O processo do cabo Anselmo, que tramita desde 2004 na Comissão de Anistia, não tem julgamento marcado. Ou seja, esse colegiado hesita porque ainda não tem clareza sobre como descascará o abacaxi.

Estigma da infâmia – O programa foi criado para oferecer reparações àqueles que sofreram danos físicos, psicológicos, morais e profissionais em decorrência do estado de exceção vigente no Brasil entre 1964 e 1985.

Então, caso o cabo Anselmo tenha realmente sido um militante revolucionário até o início da década de 1970, só então mudando de lado, sua vida foi mesmo afetada pelo arbítrio instaurado no País, independentemente do juízo moral que façamos de quem se vangloria de haver causado a morte de "cem, duzentos" idealistas que combatiam a ditadura e o tinham como companheiro.

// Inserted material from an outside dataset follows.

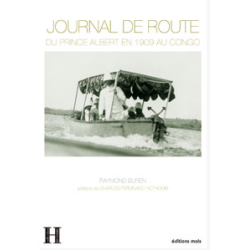 Journal de route du Prince Albert en 1909 au Congo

Ou seja, se o poder não tivesse sido usurpado por um grupo de conspiradores em 1964, o cabo Anselmo continuaria presumivelmente servindo a Marinha, ao invés de se tornar um homem que há três décadas carrega o estigma da infâmia e precisa viver escondido no próprio país. Daí o seu direito formal à reparação que está pleiteando.

No entanto, a anistia federal foi uma tentativa de re-equilibrar os pratos da balança, depois que a Lei da Anistia de 1979 passou uma borracha no passado, equiparando carrascos e vítimas.

Naquele momento, os vitoriosos impuseram aos vencidos as condições para a pacificação: libertariam presos políticos e deixariam os exilados retornarem ao País desde que os assassinatos, torturas e atrocidades cometidos ou consentidos pela ditadura ficassem para sempre fora do alcance da Justiça e da Lei.

O Governo Fernando Henrique, não podendo ou não ousando  remediar  essa situação,  resolveu, pelo menos,  remendá-la, concedendo compensações financeiras aos humilhados e ofendidos.

Vilãos e vítimas – Daí o mal-estar causado pela impudência com que o cabo Anselmo pleiteou benefício de vítima, após ter sido um dos maiores vilãos do período. Do ponto-de-vista moral, é chocante ver um ser tão abjeto lado a lado com cidadãos dignos e sofridos; do ponto-de-vista legal, provavelmente não há como expulsar esse estranho do ninho.

A menos, claro, que se consiga comprovar a tese sustentada por vários de seus ex-colegas da Armada: a de que o cabo Anselmo desde o primeiro momento serviu à comunidade de informações, como agente infiltrado nos movimentos de esquerda.

Evidentemente, o Cenimar, o Deops e órgãos congêneres não atestarão que o cabo Anselmo já estava na sua folha de pagamentos quando tudo fazia para radicalizar os movimentos dos subalternos das Forças Armadas – fator decisivo para que a oficialidade decidisse quebrar seu juramento de fidelidade à Constituição, passando a apoiar o núcleo golpista.

Os indícios são fortes: não o expulsaram da Marinha embora houvesse motivos de sobra para tanto; e, logo depois do golpe, foi preso e solto em circunstâncias as mais suspeitas, conservando uma liberdade de movimentos de que nenhum outro perseguido político desfrutava.

Mas, as chamadas  provas circunstanciais  não bastam para privá-lo da reparação a que moralmente não faz jus.

E dificilmente aparecerão provas formais que justifiquem o indeferimento da anistia do canalha capaz de causar até a morte da militante que engravidara, tendo considerado mais importante garantir o massacre de seis revolucionários do que salvar a sua amante e a criança que ela concebia.